23. As regards mistake, it was not categorically pleaded although there are statements in the reply statements in the Saheli and Kaveri Arbitrations that the fraud and/or misrepresentation caused the mistake in invoicing at APM rates. Mr.Giridhar contended, in this regard, that there is no magic to the word mistake, the reliance on mistake can be gleaned or inferred from the pleadings and it should be interpreted as including unilateral mistakes. On the contrary, the contention of Mr. Vinod Kumar, in this regard, is that mistake for the purpose of Section 17 cannot mean the unilateral assertion of mistake by GAIL and it should be interpreted as encompassing only mutual mistakes as in the case of an action for rectification of a contract. I am of the view that Section 17 of the Limitation Act is a provision that deals with exclusion of time in case a fraud is perpetrated by the counter party and established by the party relying on fraud, which is undoubtedly unilateral. As regards mistake, Section 17 mandates that the party relying on mistake should establish the factum of mistake, the date of discovery thereof and the inability to discover it earlier in spite of reasonable diligence. In contrast to Section 20 of the Contract Act, there is no indication at all in Section 17 that it should be mutual; not even in the stipulation that the person relying on it should establish that it could not have been discovered earlier by exercising reasonable diligence. Hence, I conclude that it applies to unilateral mistakes. Mr.T.R.Rajagopalan relied on Salonah Tea Company for the proposition that the claim is not to be rejected unless there is undue laches or abandonment. The said proposition is applicable in a public law proceeding where the Limitation Act does not apply and laches is a relevant consideration for the grant of discretionary relief. He relied on Punjab Stainless Steel Industries for the principle that the period of limitation commences from the date of knowledge of mistake. The said judgment related to the applicability of the statutorily prescribed extended period of limitation under the Customs Act in cases of established misstatement. Therefore, Punjab Stainless Steel Industries is inapplicable in this context.
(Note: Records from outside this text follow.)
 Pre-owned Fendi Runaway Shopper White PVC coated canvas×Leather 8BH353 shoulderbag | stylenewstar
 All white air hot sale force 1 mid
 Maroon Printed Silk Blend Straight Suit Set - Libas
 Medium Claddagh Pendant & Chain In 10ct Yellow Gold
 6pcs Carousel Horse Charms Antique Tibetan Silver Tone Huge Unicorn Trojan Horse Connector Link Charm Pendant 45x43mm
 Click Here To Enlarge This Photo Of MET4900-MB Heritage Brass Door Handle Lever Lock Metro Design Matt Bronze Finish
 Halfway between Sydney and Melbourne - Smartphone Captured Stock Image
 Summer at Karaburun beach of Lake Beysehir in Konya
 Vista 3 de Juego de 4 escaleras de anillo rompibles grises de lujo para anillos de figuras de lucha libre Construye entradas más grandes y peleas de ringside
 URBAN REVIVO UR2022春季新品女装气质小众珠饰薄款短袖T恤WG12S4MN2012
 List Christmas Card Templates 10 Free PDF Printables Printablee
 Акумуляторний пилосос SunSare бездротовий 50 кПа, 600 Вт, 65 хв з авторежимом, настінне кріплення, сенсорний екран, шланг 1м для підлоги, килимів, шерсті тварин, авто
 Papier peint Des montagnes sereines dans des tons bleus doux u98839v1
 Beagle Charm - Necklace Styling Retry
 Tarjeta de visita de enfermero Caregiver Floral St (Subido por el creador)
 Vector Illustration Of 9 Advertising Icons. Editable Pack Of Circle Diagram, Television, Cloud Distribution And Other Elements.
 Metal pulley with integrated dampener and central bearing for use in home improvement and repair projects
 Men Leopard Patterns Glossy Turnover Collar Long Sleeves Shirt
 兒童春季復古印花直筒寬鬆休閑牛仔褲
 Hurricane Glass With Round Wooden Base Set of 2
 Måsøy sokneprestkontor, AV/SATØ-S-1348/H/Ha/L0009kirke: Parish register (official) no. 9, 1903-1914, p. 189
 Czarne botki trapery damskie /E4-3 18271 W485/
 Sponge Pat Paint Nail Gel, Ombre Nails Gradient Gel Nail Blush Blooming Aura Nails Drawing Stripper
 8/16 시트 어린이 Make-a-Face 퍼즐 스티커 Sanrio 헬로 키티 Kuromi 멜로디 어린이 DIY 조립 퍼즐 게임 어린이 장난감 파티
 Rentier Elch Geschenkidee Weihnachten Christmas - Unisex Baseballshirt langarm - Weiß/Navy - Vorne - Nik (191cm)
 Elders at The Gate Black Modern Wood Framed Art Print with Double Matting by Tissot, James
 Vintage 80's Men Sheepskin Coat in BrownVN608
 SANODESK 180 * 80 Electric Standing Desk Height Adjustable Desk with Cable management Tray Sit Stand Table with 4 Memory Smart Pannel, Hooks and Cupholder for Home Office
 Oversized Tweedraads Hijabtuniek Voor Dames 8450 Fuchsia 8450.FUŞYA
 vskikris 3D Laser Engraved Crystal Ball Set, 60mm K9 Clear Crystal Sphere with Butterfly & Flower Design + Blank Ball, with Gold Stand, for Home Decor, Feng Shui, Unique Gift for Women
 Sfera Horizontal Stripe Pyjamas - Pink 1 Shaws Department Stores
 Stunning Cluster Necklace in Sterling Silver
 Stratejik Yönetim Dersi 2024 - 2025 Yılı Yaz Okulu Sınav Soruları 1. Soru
24. He also relied on Ramanathapuram Market Committee in this regard. In Ramanathapuram Market Committee, a Division Bench of this Court held, inter alia, as follows in paragraphs 14 and 15:
“14....If the plaintiff’s allegation as to the date of the knowledge of the mistake is adopted and accepted as a matter of course, then he would automatically be licensed to prejudice his adversary. A fortiori in a case where the defendant challenges the allegation, it is for the plaintiff to establish that he could not have discovered the mistake, ‘with reasonable diligence, on a date earlier than that on which the plaintiff bases his cause of action. As is said, it would be unreasonable to expect an exact definition of the word ‘‘reasonable”. Reason varies according to times and circumstances in which the individual thinks. Thus, the word “reasonable “ has always been understood in law as prima facie meaning, reasonable in regard to those circumstances of which the actor called on to act reasonably, knows or ought to know. It is also a fundamental maxim, of things relating to each other, one being known, the other is also known”. In the instant case, when the plaintiff knew about the cancellation of the earlier notification by a later notification, then it is normally and reasonably expected that it knew or with reasonable diligence ought to have discovered that the payments made by it under the earlier cancelled notification were irregular and improper and the payments were made under a mistake of law or of fact. The cancellation of the earlier order is intimately connected with the mistake in the payments made by the plaintiff pursuant to the first withdrawn order. As it knew or ought to have known and with reasonable diligence should have discovered that the earlier notification have become inoperative by its cancellation under the second notification, then that being known, then the other,’ namely, that it should seek for the refund of the said amounts on such discovery within the prescribed period of limitation, could have been known also. Such a discovery is possible because of the impact of one event as against the other.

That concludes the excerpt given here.